Chanting the Light of Foresight. The gift of prophecy is enacted as the imbas forasnai or Light of Foresight in a scene where the hero Cúchulainn has completed his warrior and shamanistic training under his guru, Scáthach. She chants to him his future through the light of foresight. The chant is composed in sets of repeating phrases that couple 8/8 and 7/8 measures that undergo continual variation towards more impassioned and frantic statements before ending much as it begins.

-Terry Riley

When Terry Riley first gave us the music in 1987, he had provisionally titled it Sketches from the Tain. For Rova, learning this music-hearing it musically and at microscopic levels-presented very special and compelling challenges. The difficulties involved in mastering the altered tunings (requiring false fingerings, jaw manipulations, superhuman lungs, and lips of steel) more than adequately filled our time and imagination. But the music in the sketches were also meant to tell a story. Terry had suggested we perform the sections in different orders to see what felt best, but no matter what we tried over the first couple of years, the piece always felt out of balance.

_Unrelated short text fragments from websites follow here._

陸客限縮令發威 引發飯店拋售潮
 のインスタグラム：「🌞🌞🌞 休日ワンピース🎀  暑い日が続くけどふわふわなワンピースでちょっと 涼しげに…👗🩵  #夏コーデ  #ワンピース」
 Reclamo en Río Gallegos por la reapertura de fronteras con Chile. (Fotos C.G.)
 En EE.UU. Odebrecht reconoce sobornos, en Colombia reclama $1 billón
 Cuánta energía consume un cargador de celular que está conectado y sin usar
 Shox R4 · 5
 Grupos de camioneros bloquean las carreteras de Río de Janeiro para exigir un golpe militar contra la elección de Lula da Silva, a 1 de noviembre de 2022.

In 1989, listening to one of our performances on tape, I began to hear what was missing from the “story.” Here was a tale of meditation, grief, combat, and loss; here was a tale of reconciliation and reaffirmation, with balance restored and possibility open again. I could hear the order dictated by the story. I heard a section preparing for battle and a section that was the death chant following the battle.

It occurred to me that there was no section relating the battle itself.

I was understandably nervous about calling Terry to suggest that the piece was incomplete; few composers would take such criticism kindly. But Terry is not an ordinary composer nor an ordinary man, and he was immediately interested in the idea of adding battle music. What surprised me was his suggestion that we in Rova write it.

I frightened myself by agreeing. The members of Rova, together and separately, write a great deal of music, and some of it can be said to narrate stories, but these stories are ours. Writing a section in the spirit of another composer, and of one who is so dauntlessly visionary, was a very real challenge.

Steve Adams and I studied Terry’s score separately, and we each wrote out some sketches for the battle, using chords and/or modes consistent with those Terry used in the rest of the piece. We combined our respective ideas (collaborative composition is habitual to Rova) and we created what is now section 4 of the CD.

Only the very first chord of the section is nowhere else present in the piece. When I played the section for Terry and pointed out this fact, he said, “Well-that’s the chord of war.”